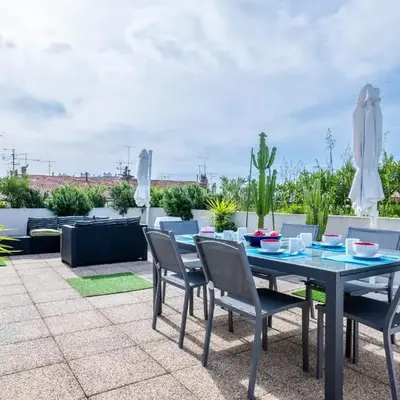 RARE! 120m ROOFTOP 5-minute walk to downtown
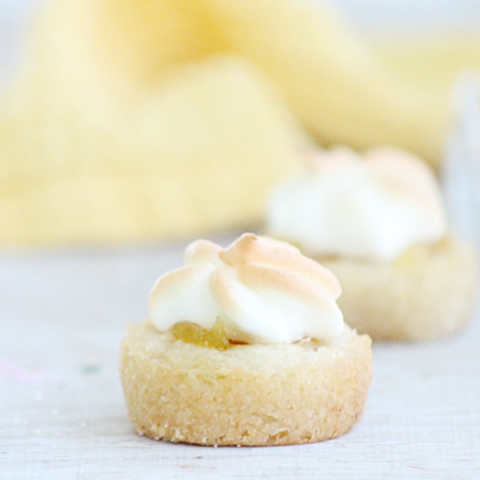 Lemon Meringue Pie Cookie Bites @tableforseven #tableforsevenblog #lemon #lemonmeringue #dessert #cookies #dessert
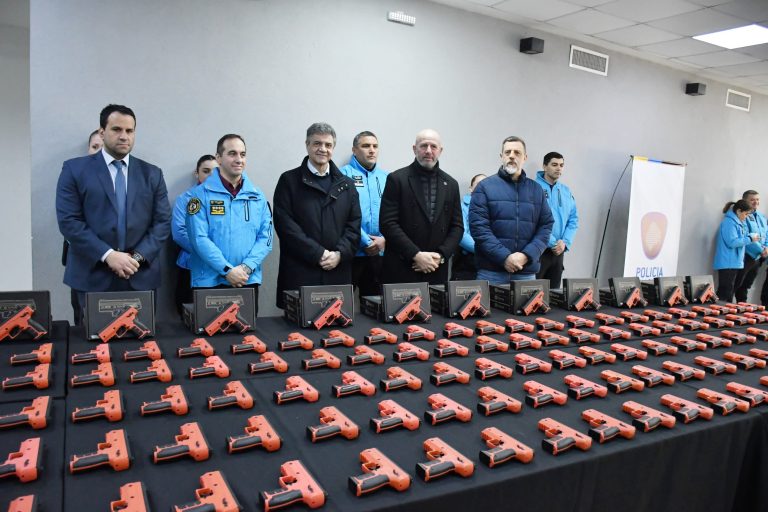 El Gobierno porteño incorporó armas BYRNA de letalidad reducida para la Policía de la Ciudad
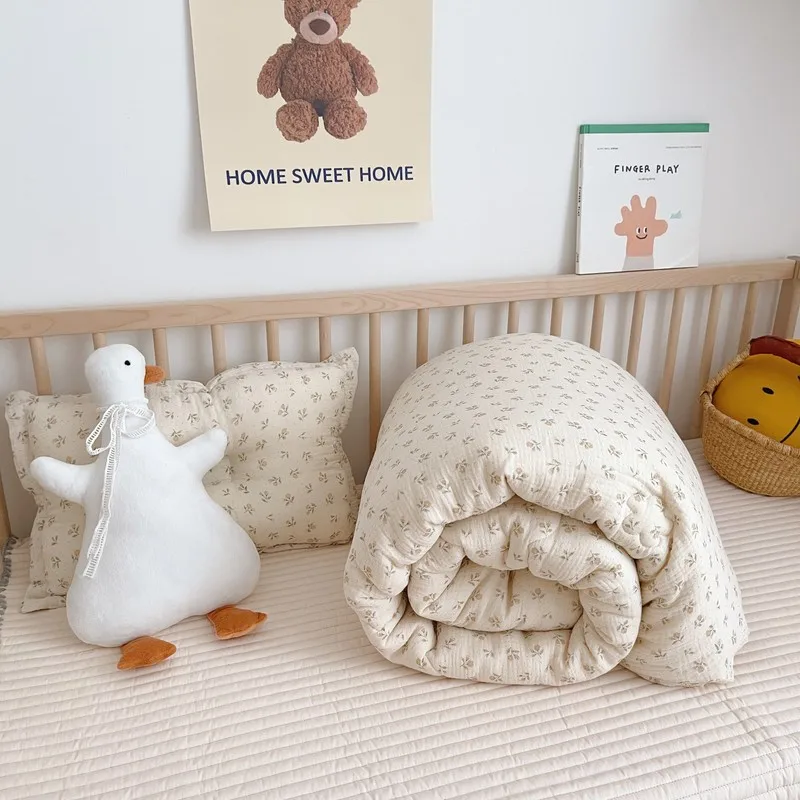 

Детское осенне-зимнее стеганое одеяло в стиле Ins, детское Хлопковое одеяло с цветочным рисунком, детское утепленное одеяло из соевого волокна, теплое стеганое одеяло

- - -

### What to do
Copy out every line above, word for word, minus images.

### Response for this exercise
 RARE! 120m ROOFTOP 5-minute walk to downtown
 Lemon Meringue Pie Cookie Bites @tableforseven #tableforsevenblog #lemon #lemonmeringue #dessert #cookies #dessert
 El Gobierno porteño incorporó armas BYRNA de letalidad reducida para la Policía de la Ciudad

Детское осенне-зимнее стеганое одеяло в стиле Ins, детское Хлопковое одеяло с цветочным рисунком, детское утепленное одеяло из соевого волокна, теплое стеганое одеяло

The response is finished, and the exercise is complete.